*REQUIRED WORK*
Check every line below for the word "with" and copy the ones that have it.

*DATA FOR THE TASK*

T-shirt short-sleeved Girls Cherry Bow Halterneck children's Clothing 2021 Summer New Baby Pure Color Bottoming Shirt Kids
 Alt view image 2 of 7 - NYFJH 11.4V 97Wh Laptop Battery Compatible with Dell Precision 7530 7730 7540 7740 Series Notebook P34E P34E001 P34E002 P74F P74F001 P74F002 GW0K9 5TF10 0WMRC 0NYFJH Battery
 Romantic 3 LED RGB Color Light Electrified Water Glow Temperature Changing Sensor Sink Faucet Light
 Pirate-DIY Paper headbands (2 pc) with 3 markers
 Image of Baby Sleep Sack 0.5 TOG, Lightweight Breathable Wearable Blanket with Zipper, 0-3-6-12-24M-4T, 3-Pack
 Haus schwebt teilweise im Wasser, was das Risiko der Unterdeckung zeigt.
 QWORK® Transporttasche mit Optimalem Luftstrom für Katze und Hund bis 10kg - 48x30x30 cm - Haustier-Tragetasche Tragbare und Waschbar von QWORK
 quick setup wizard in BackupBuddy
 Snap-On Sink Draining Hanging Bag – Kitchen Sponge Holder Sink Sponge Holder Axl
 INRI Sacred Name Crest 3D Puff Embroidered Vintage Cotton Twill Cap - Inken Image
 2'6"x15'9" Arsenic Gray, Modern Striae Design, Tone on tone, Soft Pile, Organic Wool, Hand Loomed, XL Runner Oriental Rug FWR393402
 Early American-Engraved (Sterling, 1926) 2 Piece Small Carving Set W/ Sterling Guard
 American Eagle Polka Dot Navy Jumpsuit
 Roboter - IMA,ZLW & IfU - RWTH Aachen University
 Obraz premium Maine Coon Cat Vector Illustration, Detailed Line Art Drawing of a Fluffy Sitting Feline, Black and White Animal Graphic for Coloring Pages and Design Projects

*SOLUTION TO THIS TASK*
 Alt view image 2 of 7 - NYFJH 11.4V 97Wh Laptop Battery Compatible with Dell Precision 7530 7730 7540 7740 Series Notebook P34E P34E001 P34E002 P74F P74F001 P74F002 GW0K9 5TF10 0WMRC 0NYFJH Battery
 Pirate-DIY Paper headbands (2 pc) with 3 markers
 Image of Baby Sleep Sack 0.5 TOG, Lightweight Breathable Wearable Blanket with Zipper, 0-3-6-12-24M-4T, 3-Pack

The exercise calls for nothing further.